**REQUIRED WORK**.
Please retype the data below exactly, stopping after the line with "100% stacked column chart (click" and skipping every picture.

====================

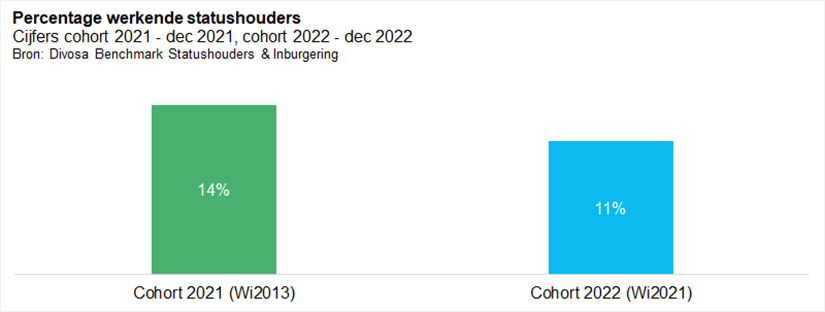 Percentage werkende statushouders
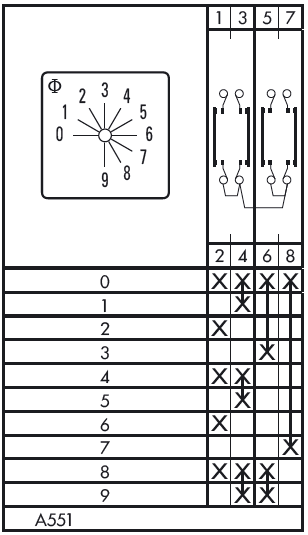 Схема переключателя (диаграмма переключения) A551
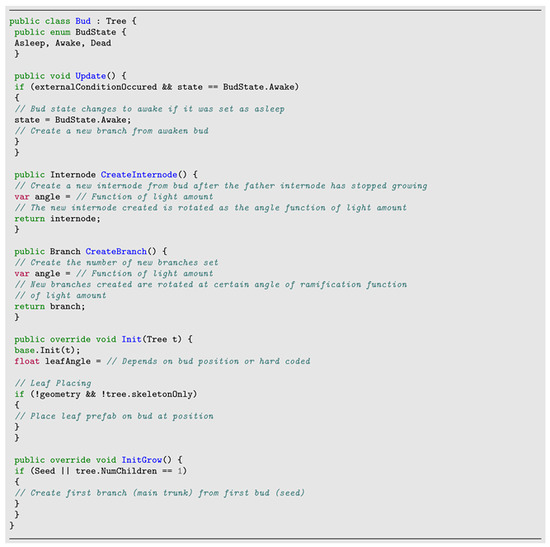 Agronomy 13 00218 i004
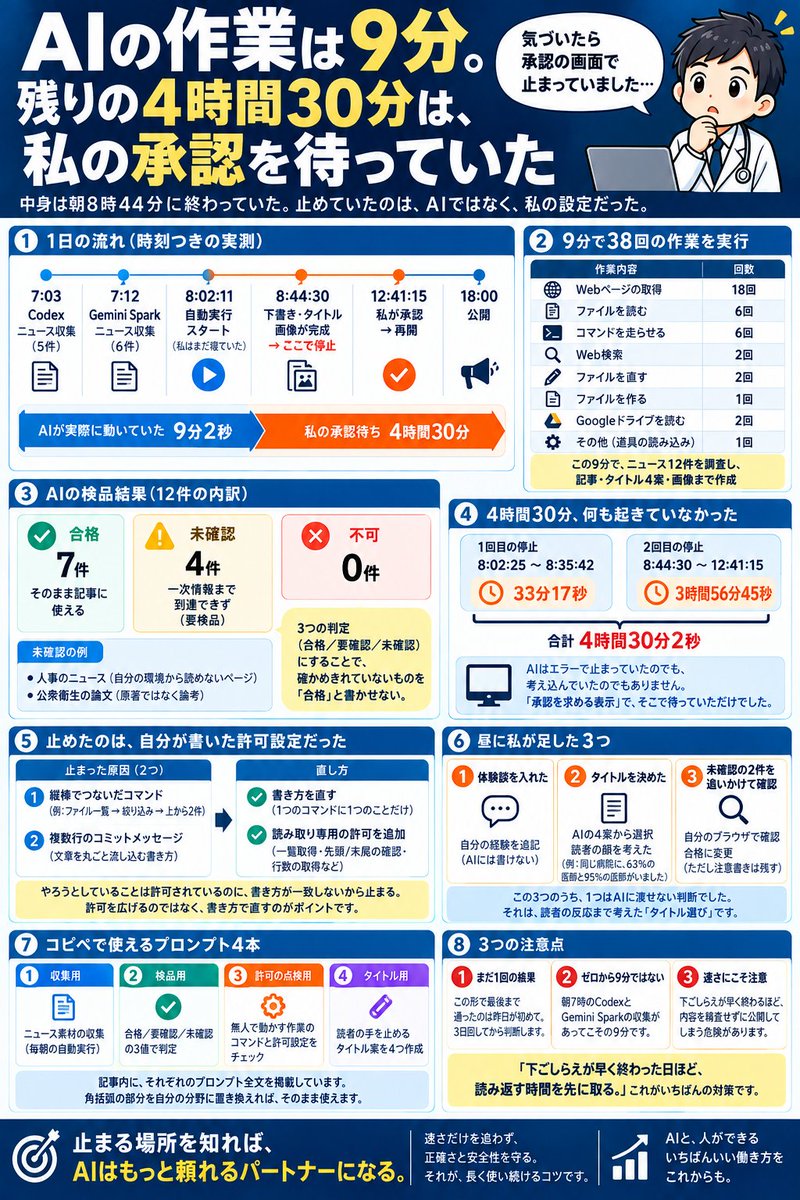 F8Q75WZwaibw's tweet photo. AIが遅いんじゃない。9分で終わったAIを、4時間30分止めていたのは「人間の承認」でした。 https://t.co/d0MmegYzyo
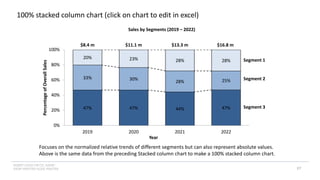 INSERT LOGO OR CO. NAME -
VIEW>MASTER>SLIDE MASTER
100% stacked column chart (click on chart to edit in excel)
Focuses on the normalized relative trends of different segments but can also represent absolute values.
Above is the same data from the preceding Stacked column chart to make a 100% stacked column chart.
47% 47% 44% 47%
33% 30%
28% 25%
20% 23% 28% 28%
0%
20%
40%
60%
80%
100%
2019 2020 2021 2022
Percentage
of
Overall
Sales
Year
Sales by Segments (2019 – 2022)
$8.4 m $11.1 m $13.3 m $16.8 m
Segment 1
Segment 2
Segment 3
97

====================

**OUTPUT OF THE TASK**.
 Percentage werkende statushouders
 Схема переключателя (диаграмма переключения) A551
 Agronomy 13 00218 i004
 F8Q75WZwaibw's tweet photo. AIが遅いんじゃない。9分で終わったAIを、4時間30分止めていたのは「人間の承認」でした。 https://t.co/d0MmegYzyo
 INSERT LOGO OR CO. NAME -
VIEW>MASTER>SLIDE MASTER
100% stacked column chart (click on chart to edit in excel)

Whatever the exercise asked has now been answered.